The collective_ops.all_reduce seems to be referenced only once in build_collective_reduce, where the instruction suggests "input_tensors: tensors within a single worker graph that are to be reduced together; must be one per device." Is that mean the all_reduce is only applicable to In-graph replication?

@gadagashwini-zz gadagashwini-zz self-assigned this Aug 23, 2019
@gadagashwini-zz gadagashwini-zz added TF 1.13 Issues related to TF 1.13 comp:apis Highlevel API related issues type:bug Bug labels Aug 23, 2019
@gadagashwini-zz gadagashwini-zz added the comp:ops OPs related issues label Aug 23, 2019
@ymodak ymodak removed the comp:apis Highlevel API related issues label Aug 23, 2019
@ymodak ymodak assigned mrry and unassigned ymodak Aug 23, 2019
@mrry mrry assigned dubey and unassigned mrry Aug 23, 2019
@mrry
Copy link
Contributor

mrry commented Aug 23, 2019

Reassigning this to @dubey since it involves collective_ops.

@dubey
Copy link
Member

dubey commented Aug 27, 2019

Collective ops support both in-graph and between-graph communication.

To enable between-graph communication, each worker needs to know the collective_group_leader. If left unconfigured, each worker assumes it is the leader and waits for a message from other workers in the group.

The fix is to add the following snippet:

from tensorflow.core.protobuf import config_pb2
config = config_pb2.ConfigProto()
config.experimental.collective_group_leader = '/job:worker/replica:0/task:0'

and pass this config to the tf.train.Server constructor.

@whhu
Copy link
Author

whhu commented Aug 28, 2019

Thanks very much to all you guys! The solution fix the hanging. 🙂

@whhu whhu closed this as completed Aug 28, 2019
@tensorflow-bot
Copy link

Are you satisfied with the resolution of your issue?
Yes
No

@whhu
Copy link
Author

whhu commented Aug 29, 2019

Here comes a further question. Does this fix work concurrently for the both in-graph and between-graph communications? Two distributed workers are created with three towers on each, where the between-graph communication works fine. Nevertheless, the in-graph allreduce among the three towers on the same worker fails with a message

Check failed: cp->group.group_size == cp->instance.device_names.size() (3 vs. 2)0x7ff630142180

and worker0 exits. It seems that the group_key doesn't have the same effect as an mpi communicator. I wonder is there some method to carry out the communications under the same mon_sess? The complete code and log are attached below.

Code:

"""Illustrate AllReduce"""

import multiprocessing as mp

MP_METHOD = 'fork'  # 'fork' (UNIX), 'spawn' (WINDOWS);
NUM_PROCESSES = 2
NUM_TOWERS = 3

def process_fn(worker_hosts, task_index):
    """allreduce process"""

    import time
    import tensorflow as tf
    from tensorflow.python.ops import collective_ops

    cluster_spec = tf.train.ClusterSpec({'worker': worker_hosts})

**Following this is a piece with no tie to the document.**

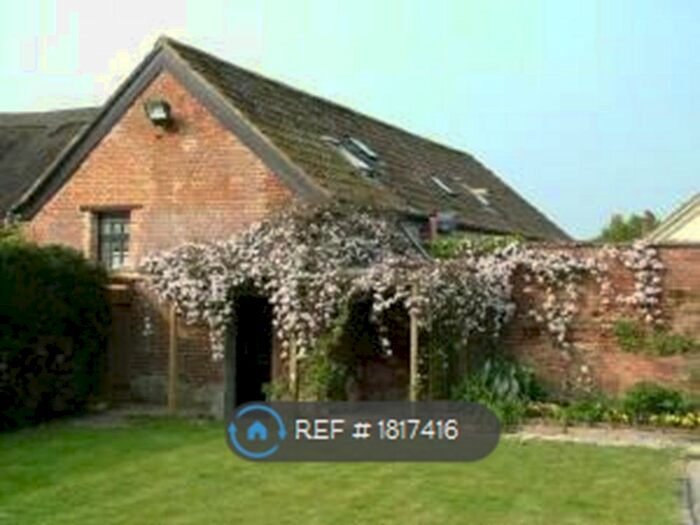 4 Bedroom Detached House To Rent In Ashford, Ilton, Ilminster, TA19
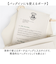 【当該商品送料無料】ハリーポッター バッグ F221090 通販 ポシェット ショルダーバッグ 斜めがけバッグ FLAPPER Harry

    # unconfigured collective_group_leader make each worker the leader
    # '/replica:0' is necessary in the configuration.
    config = tf.ConfigProto(device_count={'CPU': NUM_TOWERS})
    config.experimental.collective_group_leader = '/job:worker/replica:0/task:0'
    server = tf.train.Server(cluster_spec, config=config,
                             job_name='worker', task_index=task_index)
    with tf.Graph().as_default():
        # create weight
        all_weights = list()
        for worker_index in range(NUM_PROCESSES):
            worker_weights = list()
            with tf.variable_scope('worker{}'.format(worker_index)):
                for tower_index in range(NUM_TOWERS):
                    device = '/job:worker/replica:0/task:{}/device:CPU:{}'.format(
                        worker_index, tower_index)
                    with tf.device(device):
                        worker_weights.append(tf.get_variable(
                            'weight{}'.format(tower_index), shape=[]))
            all_weights.append(worker_weights)

        intra_reduced = list()
        inter_reduced = None
        with tf.variable_scope('worker{}'.format(task_index)):
            # intra-worker allreduce
            for weight in all_weights[task_index]:
                with tf.device(weight.device):
                    intra_reduced.append(collective_ops.all_reduce(
                        weight, NUM_TOWERS, task_index, 0, 'Add', 'Div'))
            # inter-worker allreduce
            weight = all_weights[task_index][0]
            with tf.device(weight.device):
                inter_reduced = collective_ops.all_reduce(
                    weight, NUM_PROCESSES, NUM_PROCESSES, 0, 'Add', 'Div')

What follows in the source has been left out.